Sure they can scare the pants off you but that’s usually the extent of their damage. I gaze out the window as we roll through the Pearl District, watching the throngs of people on the sidewalks, everyone in shorts and tank-tops and billowy dresses, trying to beat the heat. Then, for just a second, I see a flash of a familiar face as he gets off a bus. I straighten up and blink, trying to see better but he’s gone. It couldn’t have been the guy from the wedding, the guy from my dreams, could it? God, I really am getting delusional. When we finally find parking and I’m swallowed by my mecca that is Sephora, I’m feeling better. There’s nothing like sipping on syrupy Coca-Cola from the mall’s food court while perusing the white, backlit-beauty of a million makeup products. It’s like being in heaven, really, if angels wore all black and enough foundation to paint a house. Amy and I literally spend an hour here, trying on everything and filling our baskets until our lips are rubbed raw from the makeup remover and our hands and wrists are rainbows of different swatches. Then it happens.

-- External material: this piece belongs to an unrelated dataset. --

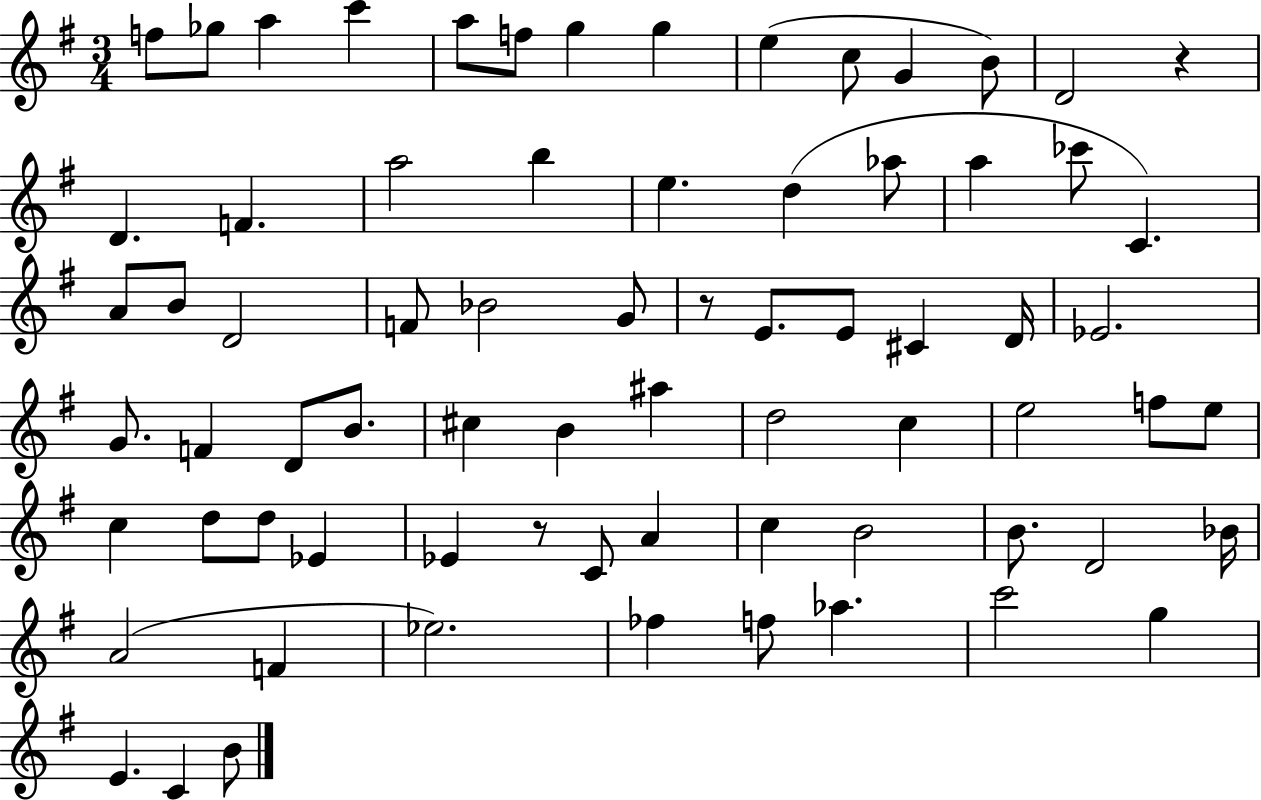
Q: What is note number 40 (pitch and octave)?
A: B4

I see him again. Standing just beyond the doors to the store. Staring right at me. And for once, for once, I can see him clearly. He’s tall, well over six feet. Broad shouldered and barrel-chested under a black leather jacket and black shirt, black jeans and black boots. He’s pale in a way that brings to mind a classical sculpture, or maybe it’s his face, which is exactly as my mind has tried to piece together. His jaw is chiseled, his chin square and sharp enough to cut glass, covered by light scruff and complete with a chin dimple. His forehead is wide, expressive even, as he stares at me with piercing blue eyes under arched brows. His hair is chin length, slicked off his head, dark cinnamon.

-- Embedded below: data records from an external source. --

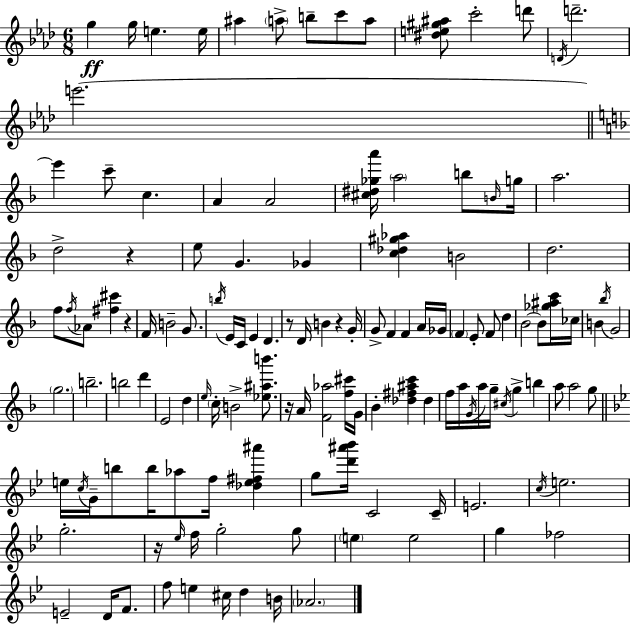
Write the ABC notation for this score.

X:1
T:Untitled
M:6/8
L:1/4
K:Fm
g g/4 e e/4 ^a a/2 b/2 c'/2 a/2 [^de^g^a]/2 c'2 d'/2 D/4 d'2 e'2 e' c'/2 c A A2 [^c^d_ga']/4 a2 b/2 B/4 g/4 a2 d2 z e/2 G _G [c_d^g_a] B2 d2 f/2 f/4 _A/2 [^f^c'] z F/4 B2 G/2 b/4 E/4 C/4 E D z/2 D/4 B z G/4 G/2 F F A/4 _G/4 F E/2 F/2 d _B2 _B/2 [_g^ac']/4 _c/4 B _b/4 G2 g2 b2 b2 d' E2 d e/4 c/4 B2 [_e^ab']/2 z/4 A/4 [F_a]2 [f^c']/4 G/4 _B [_d^f^ac'] _d f/4 a/4 G/4 a/4 g/4 ^c/4 g b a/2 a2 g/2 e/4 c/4 G/4 b/2 b/4 _a/2 f/4 [_de^f^a'] g/2 [d'^a'_b']/4 C2 C/4 E2 c/4 e2 g2 z/4 _e/4 f/4 g2 g/2 e e2 g _f2 E2 D/4 F/2 f/2 e ^c/4 d B/4 _A2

A ginger, just as I had remembered, though he’s probably the sexiest, most enthralling male specimen I’ve ever seen. “Can I help you with anything?” a Sephora saleswoman with stripes for cheekbones steps in front of me, blocking my view. I shoot her a dirty look, because I never need help in Sephora, and dart around her. But he’s gone. I hand the bewildered assistant my bucket and walk quickly through the store until I’m outside the doors, my head whipping around. People are going to and fro but the tall guy from my dreams, from my fucking dreams, is nowhere to be found. Maybe he was never here at all. Suddenly I’m hit with a queasy, stomach-churning feeling, my skin immediately clammy. “Ada!” Amy calls from behind me but her words barely reach. I can only just stand here, shoppers walking past me, bumping into me, wondering if I’m slowly going insane.

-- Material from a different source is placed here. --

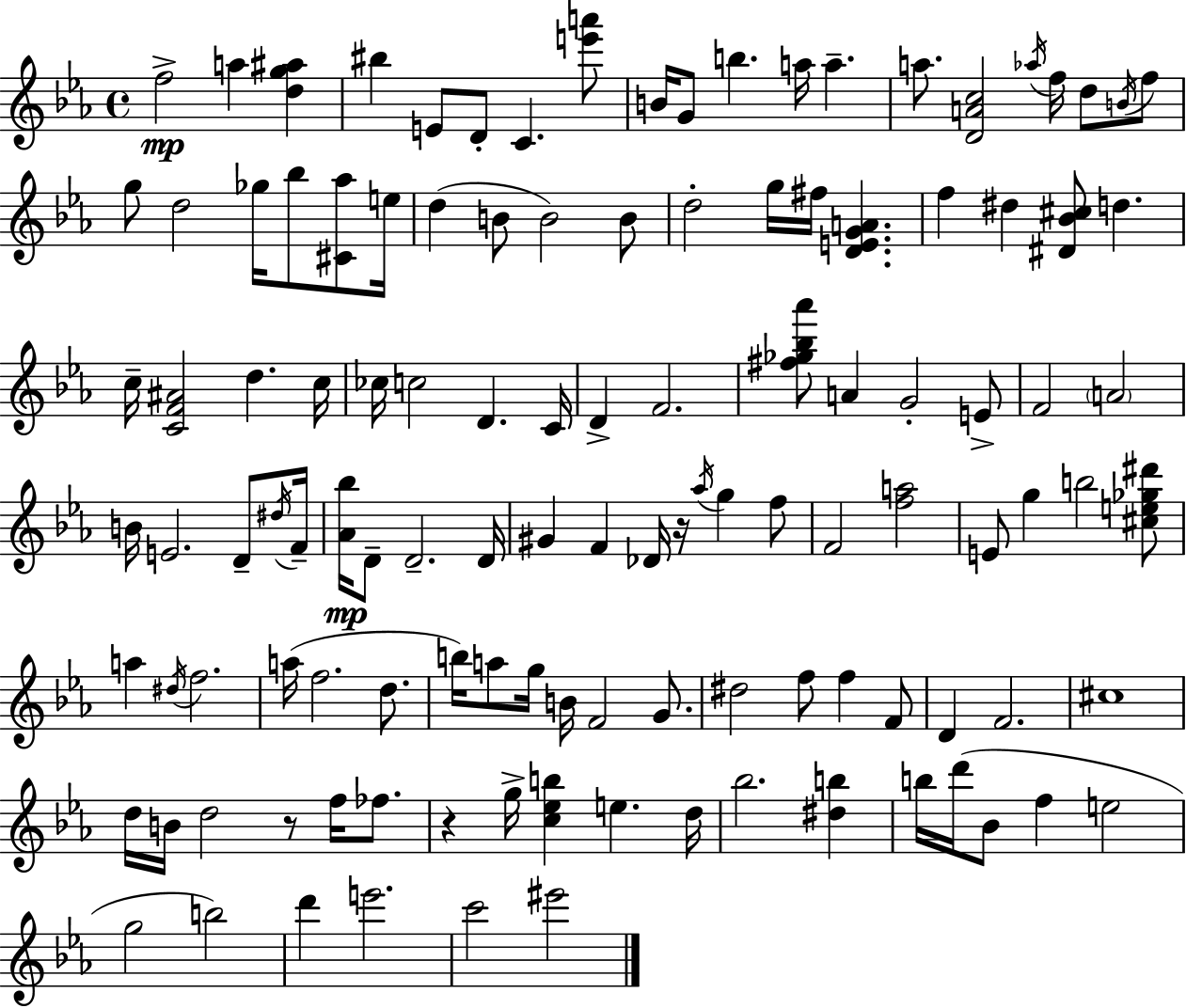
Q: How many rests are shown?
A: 3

Am I actually seeing this guy? Is it one of those cases where you dream about someone and then see them the next day? Is he really the guy from the wedding or was there even a Jay at all? Did I imagine everything? I’m having trouble standing upright and tilt back just as I feel Amy’s hand on my shoulder, holding me up. “Hey, are you all right?” I nod, licking my parched lips as I slowly turn around to face her. Everything seems so swimmy, woozy, like I’m underwater. “Got dizzy,” I manage to say. “It’s the Coke crash.” She frowns at me. “Why are you out here?” I blink a few times, trying to get my thoughts together. “Nothing. Thought I saw someone but it was nothing.” I take in a deep breath and give her a broad smile.

“Okay, I think I’ve got some makeup waiting for me.” We head back into the store.